This must certainly vary from region to region. I can only speak for mine.
Pepper seedlings are very sensitive to cold temperatures. Weather is highly variable People, (especially gardeners), are anxious to embrace any sign of warm weather as a sure sign that spring has arrived. Don’t get caught in this pitfall!
In my area (30 miles south of San Francisco, California) I don’t plant peppers in the ground until the nighttime temperature is consistently above 55 degrees fahrenheit all night long. For me that means a planting time from mid April to early May. I’m fortunate in that California grows a lot of peppers commercially, and I can always gauge my judgment against the planting times of commercial growers in the central valley (warmer than my area by several degrees). They plant around May 1, and even though I’m cooler by some and I plant a little earlier, I don’t suffer the risk of significant financial loss if the weather turns unseasonably cool.

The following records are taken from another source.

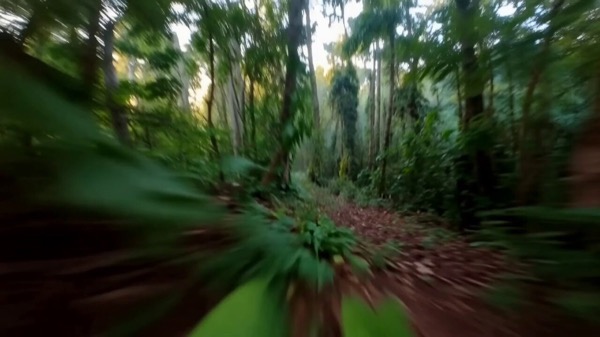 Rainforest Mist Text VFX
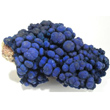 Botryoidal Azurite Cluster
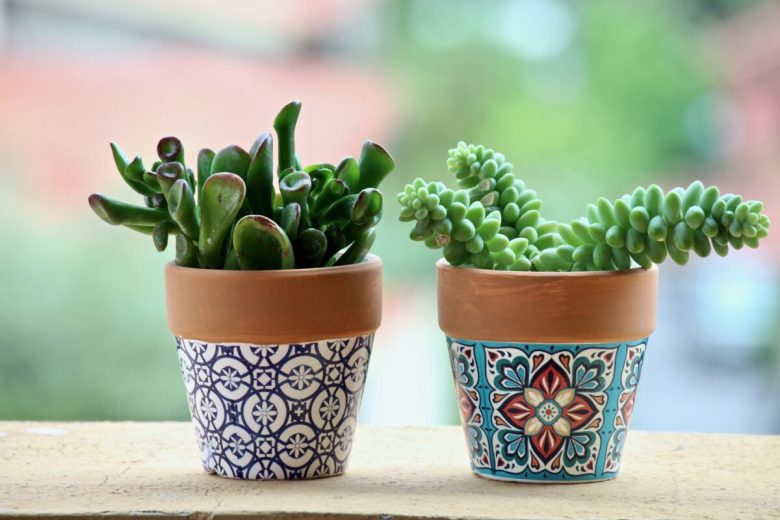 piante-grasse-come-utilizzarle-nell-home-decor-geomitrico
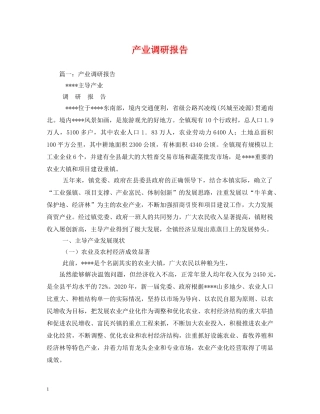产业调研报告 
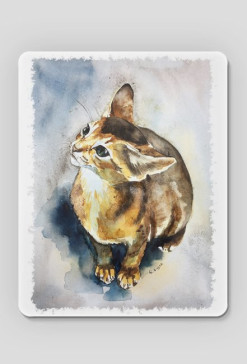 Kot abisyński
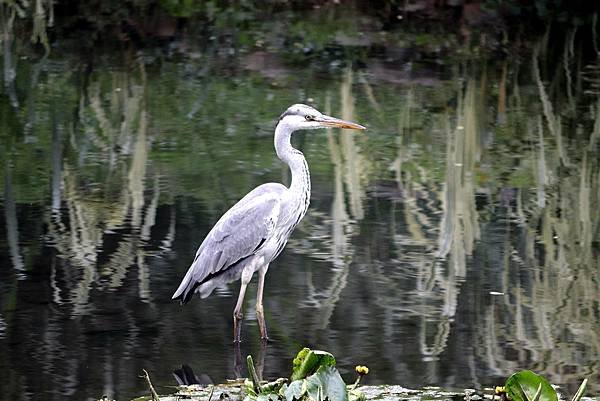 河邊鳥事-43.JPG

Why is 55 degrees fahrenheit the critical parameter? I’m not sure that it is. It works well as a indicator in my area, though it may not necessarily be the actual parameter of importance. It could be soil temperature, for example, or something else I haven’t thought of. Bottom line is that peppers want warm temperatures and planting too early has negative effects..
Unfortunately, there are other popular indicators that are unmistakably wrong in regards to planting times. The worst indicator is the availability of pepper transplants at local stores. I start seeing these in early march (!) with the largest preponderance in late march. By the time the proper time arrives they are nowhere to be seen, apparently sold out to a bunch of people who are bound to be disappointed.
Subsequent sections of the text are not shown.